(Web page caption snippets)
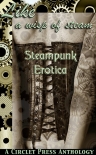 Читать книгу Like a Wisp of Steam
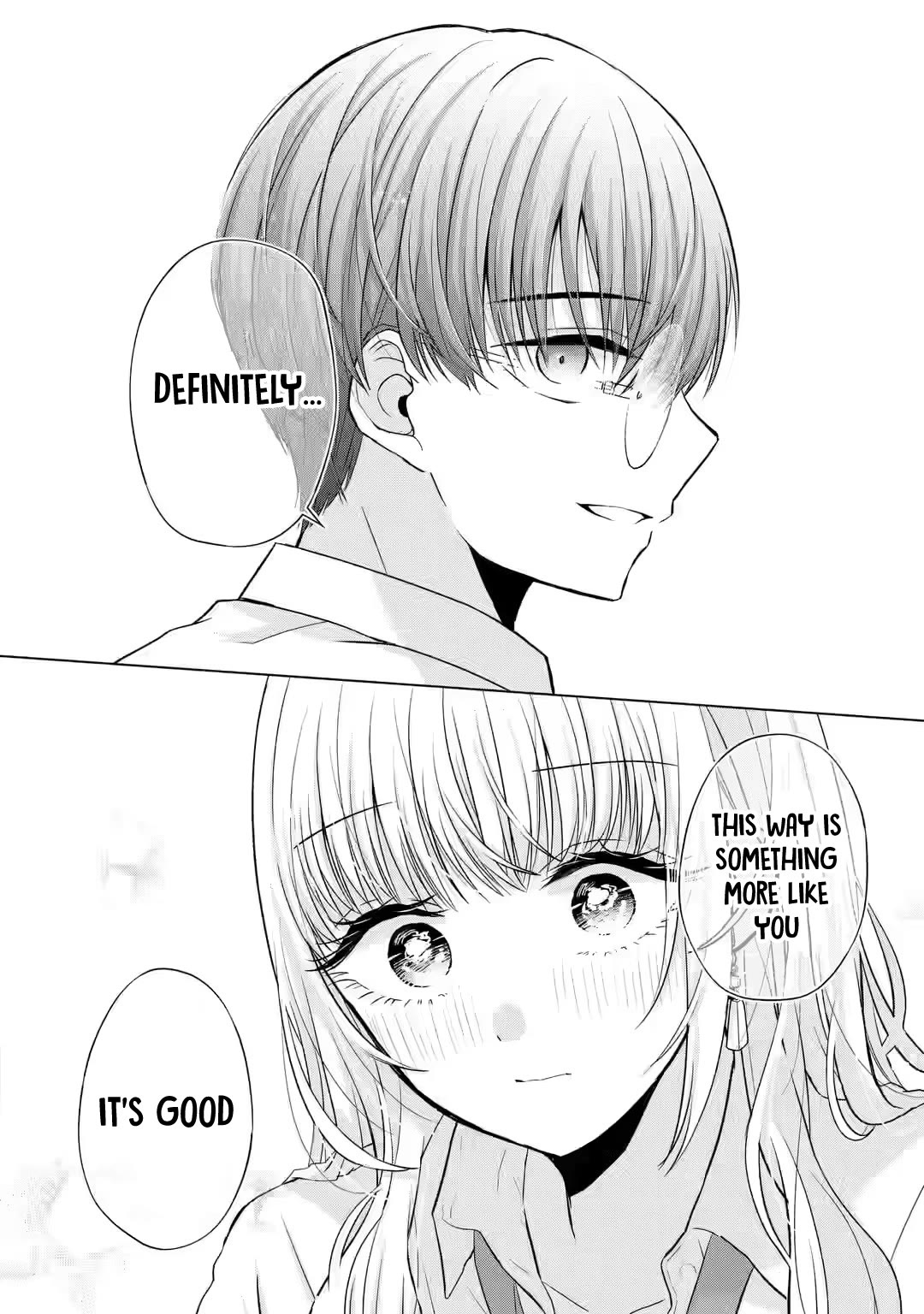 Page 39 of Chapter 2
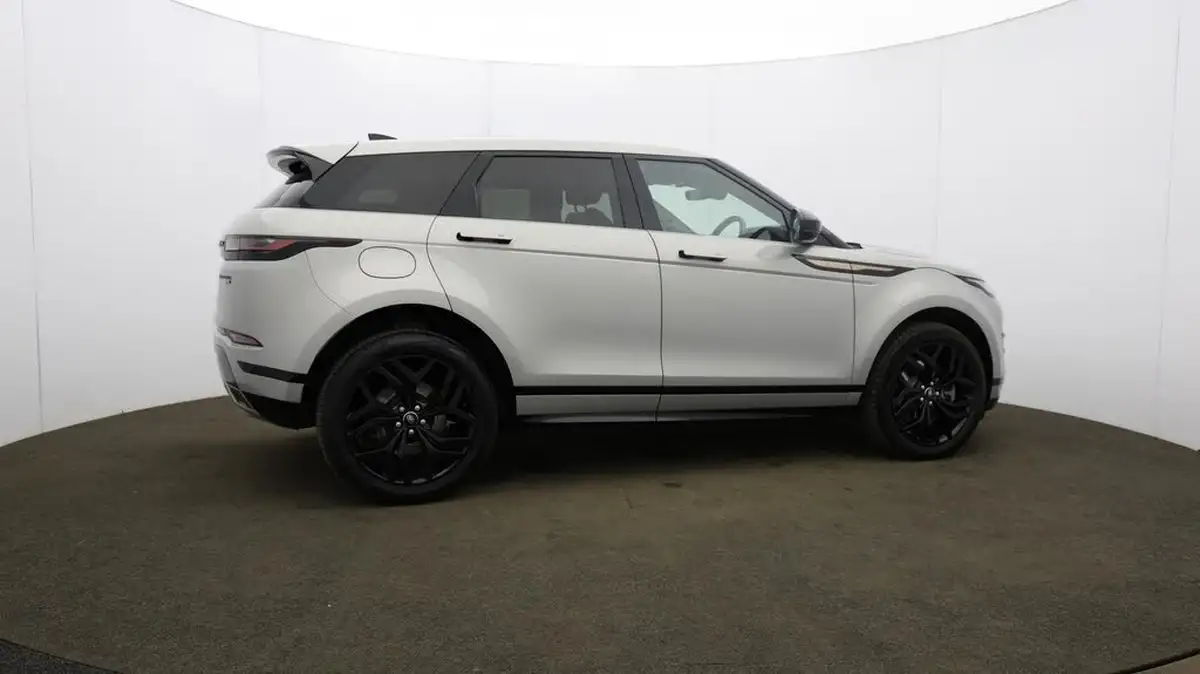 2021-land-rover-range-rover-evoque-15-p300e-r-dynamic-hse-big-57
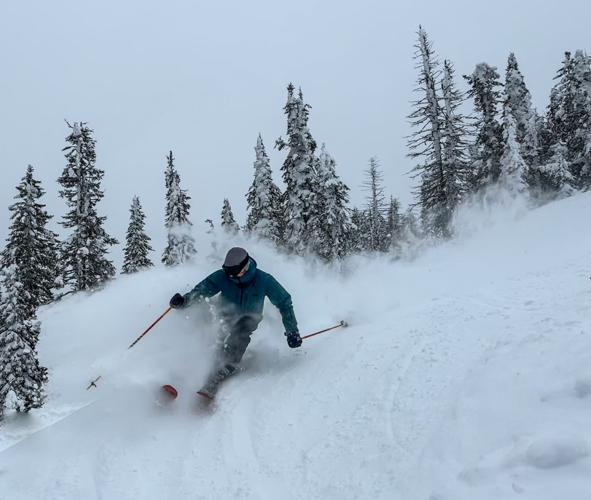 shannon-rossland-1207 (4).JPEG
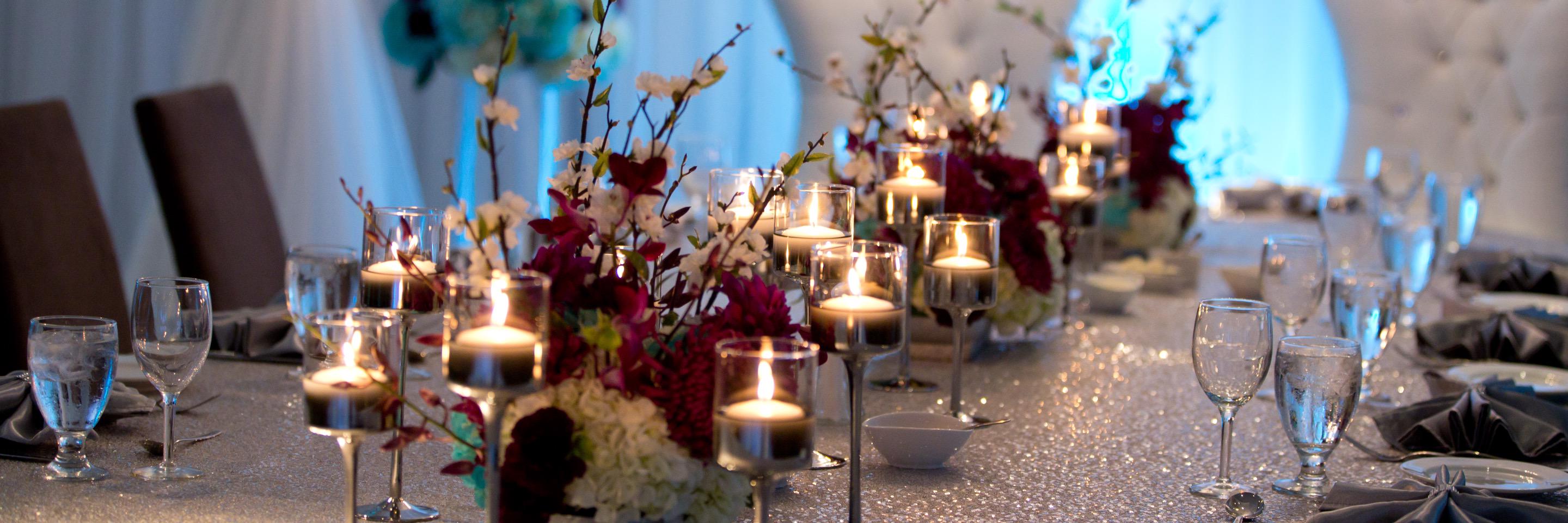 caramiaevents's profile banner image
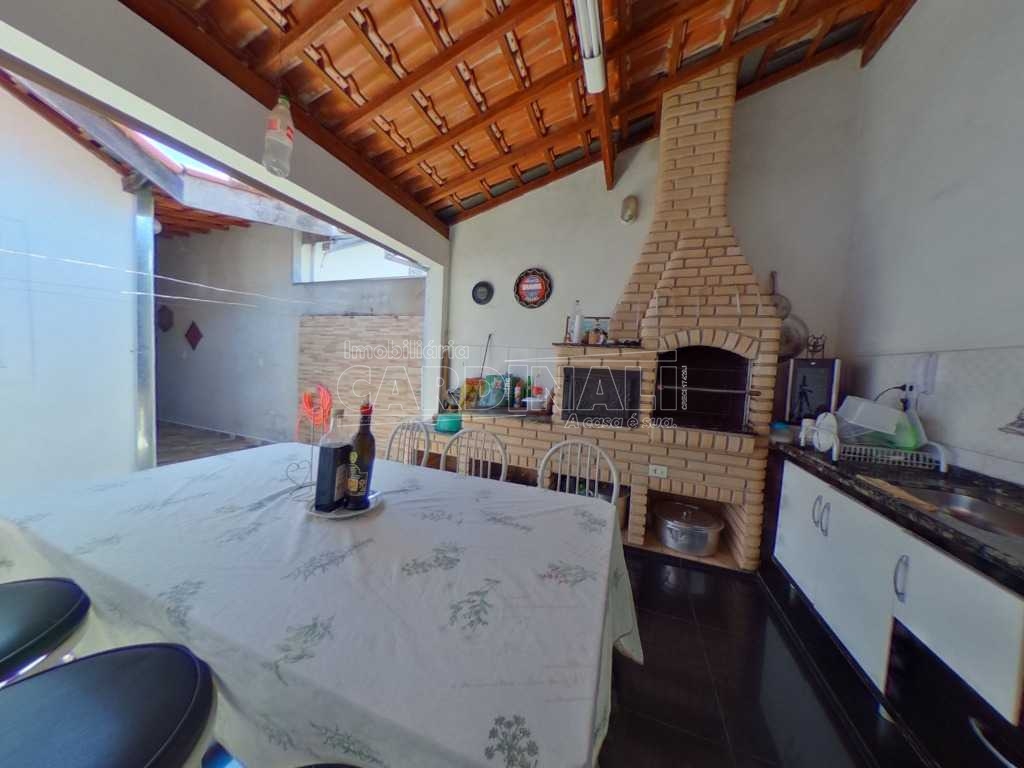 imagem 2 - Casa - Condomínio imagem 2 - Casa - Condomínio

EXERCISE PROMPT>
Repeat the data word for word, minus any pictures.

RESULT OF THIS TASK>
 Читать книгу Like a Wisp of Steam
 Page 39 of Chapter 2
 2021-land-rover-range-rover-evoque-15-p300e-r-dynamic-hse-big-57
 shannon-rossland-1207 (4).JPEG
 caramiaevents's profile banner image
 imagem 2 - Casa - Condomínio imagem 2 - Casa - Condomínio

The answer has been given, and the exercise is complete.